Here's an ultra-condensed, slightly re-ordered version of the Q&A:
Q: Isn't this just an interstitial?
A: No. We donâ(TM)t like interstitials either. They sit between you and the content and require another click and new pageload before you can proceed to the article.Q: How can I skip the Canvas ad and read the article?
A: As soon as the page loads you can move your cursor to the article and it will slide back over the Canvas ad. Pro tip: hit the âcâ(TM) key on your keyboard and the article will move in or out right away. Try it now to see how it works!I'm sorry, how is this functionally different from an interstitial? And no, Boris, you may not answer "because it uses canvases," because HTML5 and Javascript can trigger reloads on their own.
My current default browsing environment is the following:
- Firefox with NoScript, Classic Theme Restorer, and Status-4-Evar
- Pale Moon with NoScript (I'm heavily considering abandoning Firefox entirely, aside from obligatory browser compatibility testing)

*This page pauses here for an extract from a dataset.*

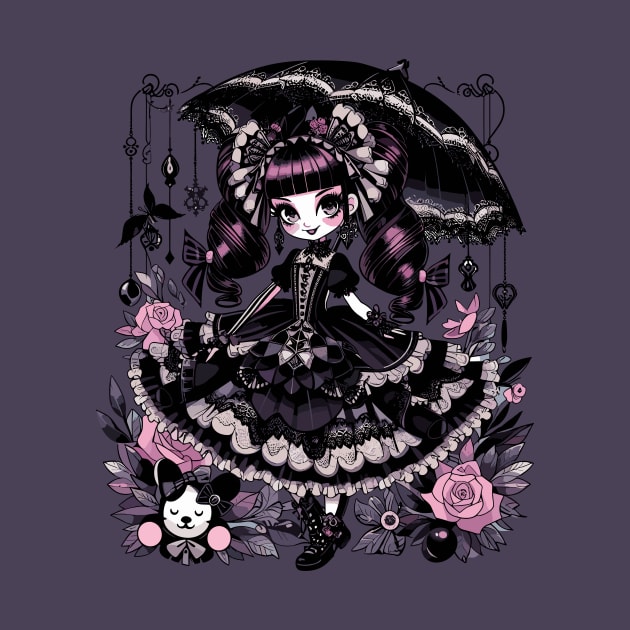 Gothic Lolita by DesignDinamique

- In ultra-extenuating circumstances, elinks (this is what I have to use for my local newspaper's website when I have to perform the 1 odd search every 3 months for a police blotter story. Their website forces a navigation forward saying that the browser is broken, and elinks handles it in the most graceful fashion when I click the "Back" button. The Boston Globe is far less annoying for odd searches, and if a newspaper truly wants to paywall their content, they can go with the Rupert Murdoch method and refrain from sending the full article text in the base HTML.)I had the page for the Q&A open, and I went to NoScript and clicked "Temporarily allow all this page"; what a mistake that was. It proceeded to chug, and take almost 25 seconds to load an abomination of 78 scripts among 21 external domains (20 if I count "tnwcdn.com" as internal), and it took 4 different stages of "Temporarily allow all this page" to allow everything. It's a veritable cross-site scripting nightmare, and the end result is a full-page ad (sometimes video or with semi-transparent animated layers) covering 92% to 99% of the page, with the far right edge consisting of the article dangling annoyingly in a sine-wave oscillation on the right half. It was so disgusting, I had to click "Revoke Temporary Permissions" to restore some visual sanity, and make me not want to "kill -9" Firefox out of spite.

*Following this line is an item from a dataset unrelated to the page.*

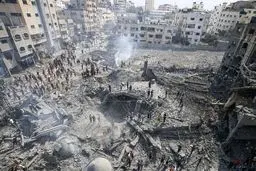 حدودا 8 هزار فلسطینی زیر آوار‌ها هستند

I'm going to be brutally honest: this is the kind of website design that led me to browse the web the way I do now: Flash disabled unless I specifically enable it, and NoScript set with its ultra-agressive rules. I don't even need AdBlock, because NoScript takes care of the most annoying elements powered by the reckless abuse of Javascript in modern website design. If there's a regular banner ad that isn't Javascript, I'll see it, and if it's really good, there's a faint chance I might click it. If there's a page whose core content can't be rendered without any of these ultra-annoying elements, I leave, never come back, and tell all my friends how disgusting the page is (as I will do for The Next Web; there are plenty of other tech blogs that don't stoop this low).
I'm also getting really tired of the overuse of slide animations in HTML5/Javascript website design. If I were to make a listicle of the worst HTML5/Javascript abominations, The Next Web's design decisions here would be number 1.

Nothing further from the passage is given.